_REQUIRED ACTION:_ Please give every line below again exactly, but not its pictures.

_DATA:_
==*==

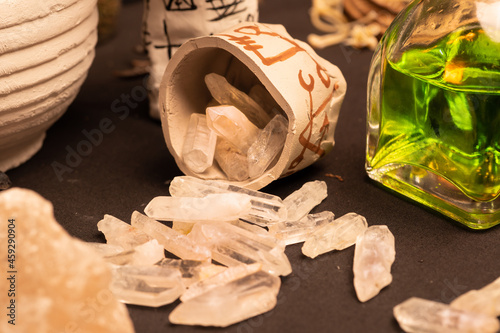 Witchcraft table set, selective focus at magic crystal stones for alchemy and esoteric cult. Spiritual occultism and magic chemistry inspired by mysticism. Witch, warlock magician concept. Halloween. photo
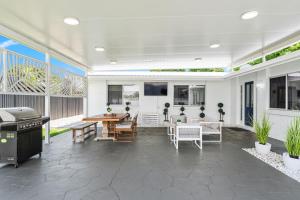 a patio with a grill and a table and chairs at Pet Friendly Beach House with pool - Sleeps 10 in Urangan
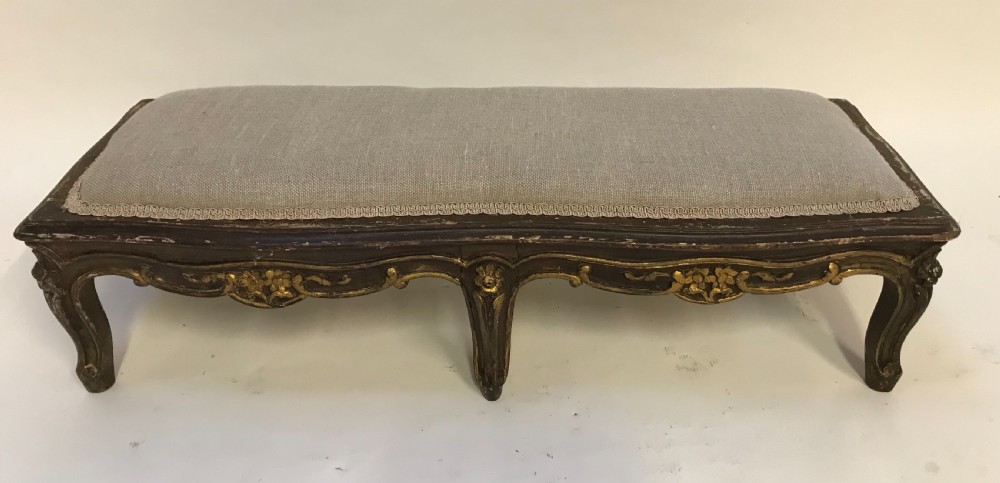 An elongated low rectangular French style footstool featuring a dark giltwood frame with carved floral aprons and six cabriole legs, topped with light grey linen upholstery.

==*==

_WORKED SOLUTION:_
 Witchcraft table set, selective focus at magic crystal stones for alchemy and esoteric cult. Spiritual occultism and magic chemistry inspired by mysticism. Witch, warlock magician concept. Halloween. photo
 a patio with a grill and a table and chairs at Pet Friendly Beach House with pool - Sleeps 10 in Urangan
 An elongated low rectangular French style footstool featuring a dark giltwood frame with carved floral aprons and six cabriole legs, topped with light grey linen upholstery.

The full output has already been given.